- **Exercise objective**
Please write out the entire listing below exactly, excluding its pictures.

*** Opening of Data excerpt ***

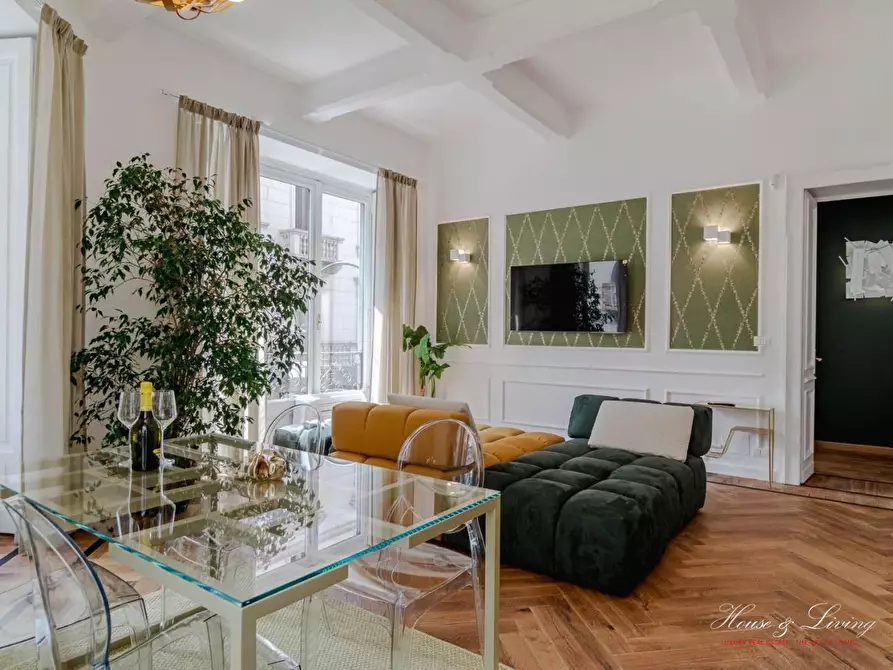 Immagine 2 di Appartamento in affitto  a Torino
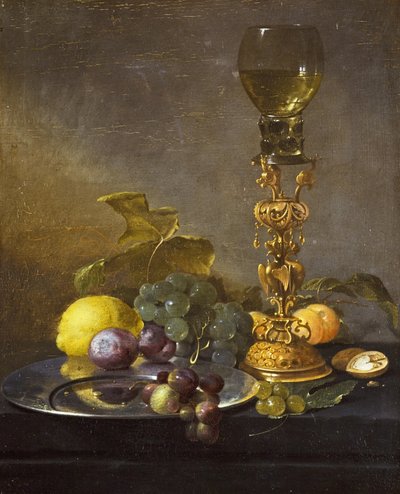 Still Life by anonymous 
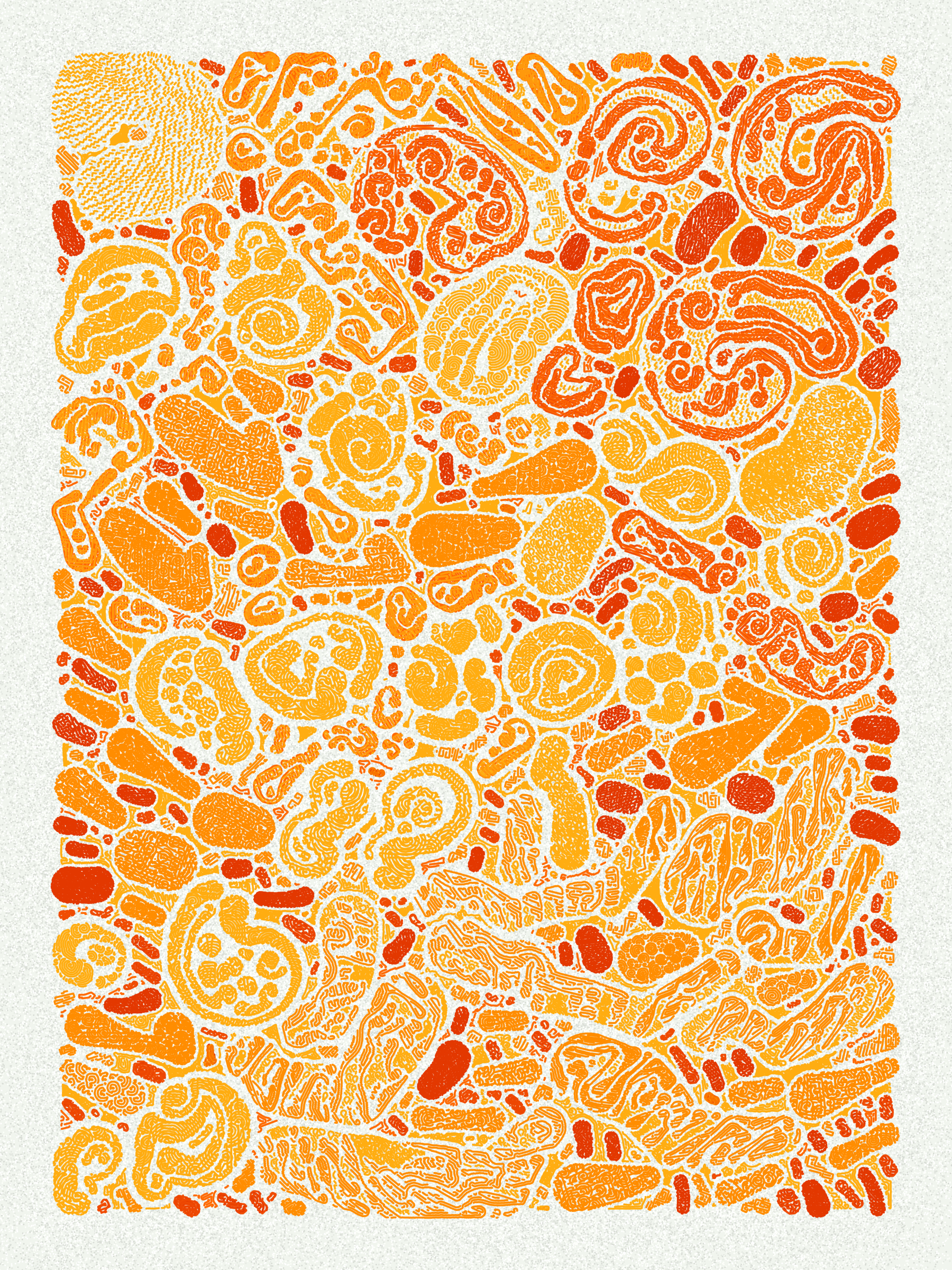 Scribble Together #303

*** Close of Data excerpt ***

- **Solution to the problem**
 Immagine 2 di Appartamento in affitto  a Torino
 Still Life by anonymous 
 Scribble Together #303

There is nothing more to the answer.